Living-with-machines / lwmdb

A django-based library for managing the Living with Machines newspapers metadata database schema
https://living-with-machines.github.io/lwmdb/
MIT License
2 stars 0 forks source link

Ensure `publication_code`, `issue_code` and `item_code` uniqueness #174

Open griff-rees opened 1 year ago

griff-rees commented 1 year ago

A recent check of publication uniqueness suggests there are 76 newspaper publication_code duplicates (all just 1 other record, so a count of 2).
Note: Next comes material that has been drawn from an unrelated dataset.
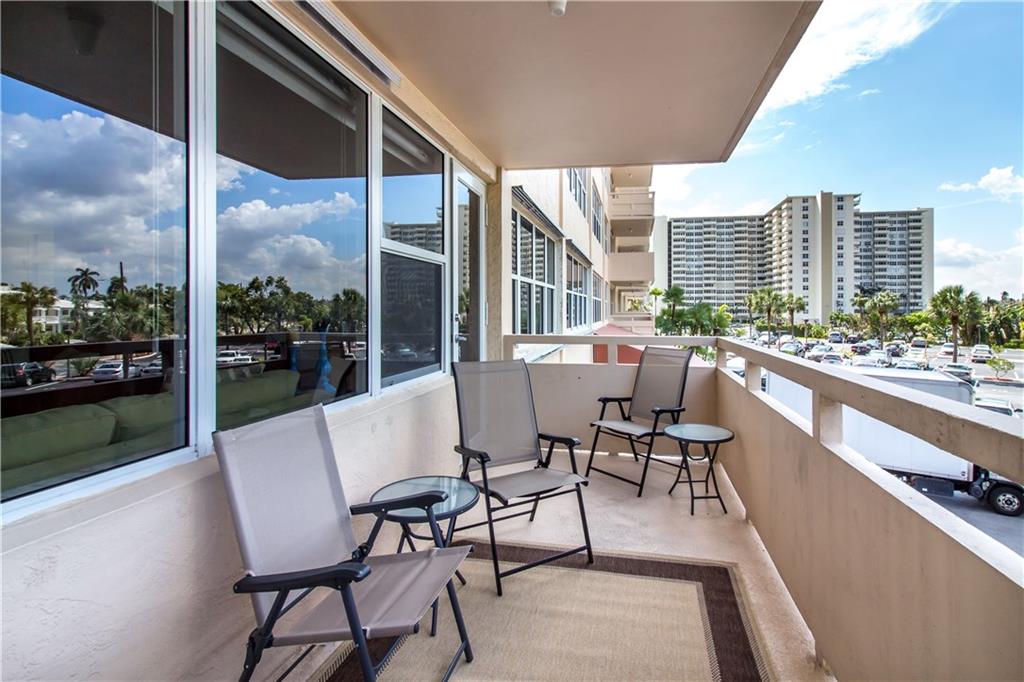 Coral Ridge Towers East - Residential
These might be cases of multiple editions of issue on the same day (following @kmcdono2 in #120), or actual duplicate records (meaning... just wrong). I think the majority of the publication_code cases are the later (and thankfully quite a few have no related issues, and by extension items):

>>> from django.db.models import QuerySet
>>> from newspaper.models import Newspaper, Issue, Item
>>> from lwmdb.utils import similar_records

>>> newspaper_same_codes: QuerySet = similar_records(Newspaper.objects.all(), check_fields=('publication_code',))
>>> issue_same_codes: QuerySet = similar_records(Issue.objects.all(), check_fields=('issue_code',))
>>> item_same_codes: QuerySet = similar_records(Item.objects.all(), check_fields=('item_code',))
>>> len(newspaper_same_codes)
76
>>> len(issue_same_codes)
81520
>>> len(item_same_codes)
3670454
>>> all(record for record in newspaper_same_codes if record['id__count'] == 2)
True
>>> all(record for record in issue_same_codes if record['id__count'] == 2)
True
>>> all(record for record in item_same_codes if record['id__count'] == 2)
True
griff-rees commented 1 year ago

see #55 and #93

griff-rees commented 11 months ago

Updated description and ease separating into separate tasks.

griff-rees commented 11 months ago
griff-rees commented 11 months ago

119 is also related.